Column

In Praise of Peer Review: A Modest Proposal for Identifying Unscrupulous Open Access Journals

I remain indebted to peer review. Sure, I’ve been called a dilettante. Had ideas dismissed as half-baked. Had the floor swept with the derivative nature of my work. Been chastised for treating data as singular. And then the self-inflicted wounds of my own careless error. But having suffered from what appears only at first glance to be the slings and arrows of outrageous peer-review, I stand by this process.

I will defend a career’s worth of the anonymous and thankless work of reviewers who have provided the concerted kind of attention that I undoubtedly needed. It has made me, such as I am, a scholar of the peer-reviewed article and book. If I carry each kick, it aids my own revising, as I vow never again will they catch me out, okay, as it later turns out, maybe, once more. But then, no more.

Now, some think peer-review antiquated gate-keeping, arbitrarily or randomly assigned to two or more (overeager) gatekeepers. Some want to drag out of the closet, to thrust into the daylight of the crowd-sourced review, making it open and public.

Peer review was put to the test recently, when John Bohannon conducted a self-described “sting” operation targeting a set of 300 open access journals, including a good number of those already suspected of being in it only for the money. The sting caught out somewhat more than half that failed to conduct a review or at least no review that detected the fatal flaws built into the submitted sting paper. I don’t want to rehash the argument or the wave of critiques it provoked – Peter Suber’s review being among the best I encountered – in its own set of excellent post-factor and open set of peer reviews.
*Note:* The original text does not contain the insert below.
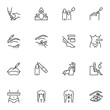 © alekseyvanin - Beauty salon service line icons set, outline vector symbol collection, linear style pictogram pack. Signs, logo illustration. Set includes icons as skin care, fingernail manicure, spa, hair depilation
Instead, I want to say, as an advocate of open access and one who has worked for a decade-and-a-half on open source journal publishing software that thousands of journals use, some unscrupulously, I want every research paper to have the benefit of access to the literature and the privilege of being carefully reviewed. Let the right to know be met by the right to be read seriously.

To that end, I’d like someone to come up with a better idea for guiding researchers to open access journals that provide helpful, substantive reviews. That is, I don’t think the best idea is running a self-serving sting operation run by a subscription-journal intended to expose the unscrupulous and call into a question people’s right to knowledge through this model known as open access (Bohannon’s tag line – “A spoof paper concocted by Science reveals little or no scrutiny at many open-access journals”).

So as an incentive for coming up with a better method of driving out the bad, and protecting colleagues who may be new to publishing and working in institutions where it is hard to garner advice beyond unhelpful publish-in-the-top-journals, I offer an idea of my own, ready to be bested.

Someone, perhaps the Directory of Open Access Journals, or Jeffery Beall, or myself, should set up a virtual space for authors to affirm, from first hand-experience, a journals peer-reviewing policies. This would be a site where authors can identify journals and publishers that have, on their submitting an article, provided them with no evidence that a substantive peer review was conducted, at which point they withdrew it (as advised by this site that will provide email-templates for (a) asking for proof – show me the reviews – and (b) withdrawing an article, with a warning against posting it). Perhaps, authors will be able to include information on the academic credentials of the editors and editorial boards, the transparency of the pricing, and other matters. Checks will need to be put into place to authenticate the researchers and the submission of the article. And there needs to be an appeal process for the journal.

This would provide an incentive for editors to have better reviews, and better processes for sharing those reviews with authors. It will provide an incentive to authors not to go with an easy review-less acceptance from a journal (knowing others will identify it as review-less). Peer review is not simply about gatekeeping nor is it ever a guarantee of quality. It is, however, the very best method we have for improving the quality of the articles by which we live and learn.

Comments

  1. Antonin I. Pribetic

    I blogged about this topic a few years ago: http://thetrialwarrior.com/2010/09/12/good-grief-bait-switch-law-publishing-version/

    The post is nearing 25,000 views and 260 comments.

  2. And if this ‘modest proposal’ takes off, may it also be applied to non-OA journals? All this publicity about poor quality OA journals is damaging the OA process itself, but there are surely non-OA journals that also have dubious peer-review procedures.